These are the processes use to move data from a data source to a destination.
I. ETL (Extract, Transform, Load)
1. Definition
An automated process which includes:
- Gathering raw data
- Extract information needed for reporting and analysis
- Cleaning, stadardizing, and Transforming data into usable formats
- Load data to Data Repositories
a) Extract
Data from source is collected for transformation
2 types:
- Batch extracting: Data is collected and splitted into large chunks (called batch), move from source to destination in a timed interval. Example tools: Stinch, Blando.
- Stream extracting: Data is collected and load to the Data Repository in real-time. While in transit, the data is transformed. Tools: Apache Kamza, Apche Kafla, Apache Storm.
b) Transform
Transform involves in excecution of rules, and functions that can be use to convert raw data into usable data (ready for purposes).
Examples
- Remove duplicates
- Change the format of time
- Filter out unnecessary data
c) Load
Loading is the transportation of processed data into a data Repository. Types of Load:
- Initial loading: load all the data into the repository
- Incremental loading: applying updates and modifications perodically
- Full refresh: Erasing a dataset and reloading the data entirely.
2. Providers
- IBM Infosphere
- AWS Glue
- Improvado
- Skyvia
II. ELT (Extract, Load, Transform)
1. Definition
Is a variant of ETL and a new technology. The data is extracted first, then load into a data repository (mostly Data Lakes since they haven’t been processed yet, but sometimes still use Data Warehouse). Finally, transform the data into ready-to-use formats. The ELT Process:
- Helps process large sets of unstructured and non-reloational data
2. Advatages over ETL
- Shortens the cycle between extraction and delivery.
- Allows you to ingest volumes of raw data as immediately as the data becomes available
- Affords greater flexibility to Data Analysts and Data Scientists for EDA.

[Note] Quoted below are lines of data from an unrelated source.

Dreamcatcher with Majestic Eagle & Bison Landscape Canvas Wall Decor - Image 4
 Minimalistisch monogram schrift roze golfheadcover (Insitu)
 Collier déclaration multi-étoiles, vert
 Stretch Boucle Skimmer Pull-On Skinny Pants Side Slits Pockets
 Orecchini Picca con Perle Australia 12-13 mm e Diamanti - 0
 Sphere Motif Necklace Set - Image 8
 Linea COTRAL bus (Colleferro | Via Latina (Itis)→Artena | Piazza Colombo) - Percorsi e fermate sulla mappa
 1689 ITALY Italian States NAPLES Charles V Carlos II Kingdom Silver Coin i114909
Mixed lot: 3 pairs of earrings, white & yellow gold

- Transforms only the data required for a particular analysis there for suit more use cases.
- Suitable for Big Data
III. Data Pipelines
Encompasses the entire journey of moving data from one system to another, including ETL and ELT processes Can be architect for both batch and streaming data Supports long-running batch queries and smaller interactive queries Typical loads data into a data lake but can also loads to other data destinations.
Providers
- Beam
- Airflow
- Dataflow